Exercise instructions: Reproduce word for word, from the entries below, the line with "500ML Sports Water", the line with "Hemoglobin Test Meter", and every line between them, and nothing more.

[[ Given data open ]]

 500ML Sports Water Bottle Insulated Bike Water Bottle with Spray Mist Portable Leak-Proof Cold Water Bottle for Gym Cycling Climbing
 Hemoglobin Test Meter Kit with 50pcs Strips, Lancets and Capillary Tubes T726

[[ Given data closed ]]
[[ Given data open ]]

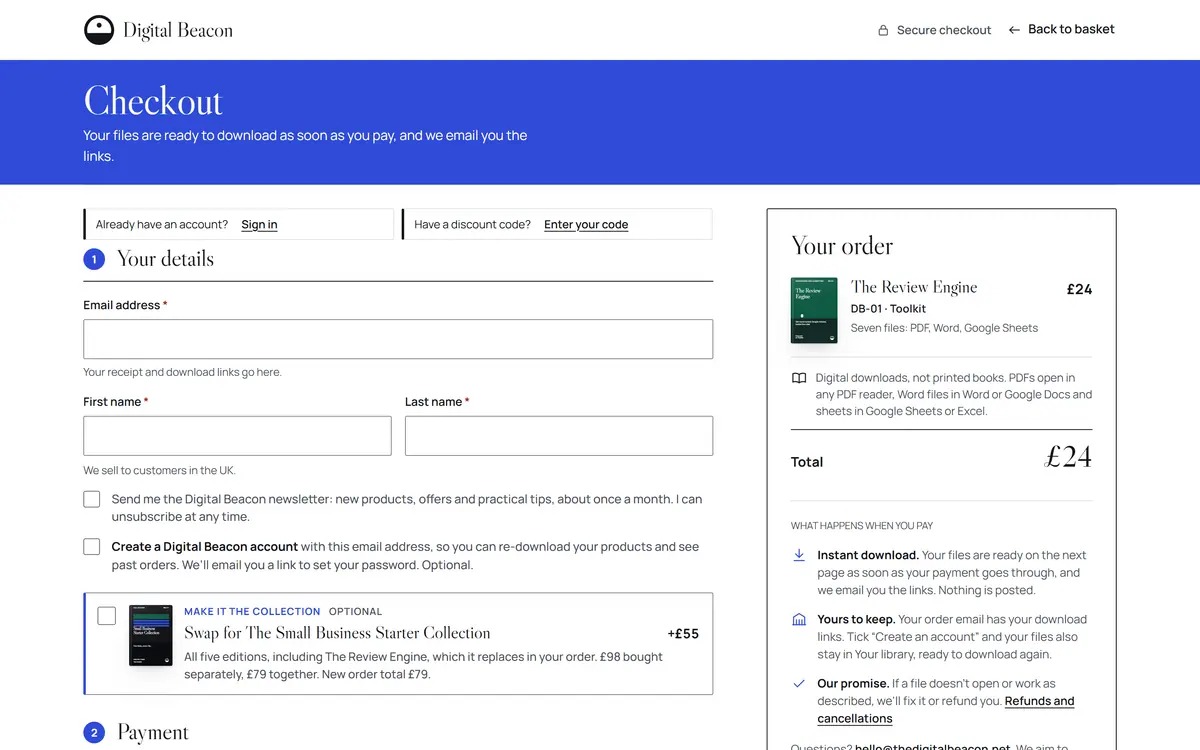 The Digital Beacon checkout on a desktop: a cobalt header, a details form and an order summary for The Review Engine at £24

[[ Given data closed ]]

Reply:
 500ML Sports Water Bottle Insulated Bike Water Bottle with Spray Mist Portable Leak-Proof Cold Water Bottle for Gym Cycling Climbing
 Hemoglobin Test Meter Kit with 50pcs Strips, Lancets and Capillary Tubes T726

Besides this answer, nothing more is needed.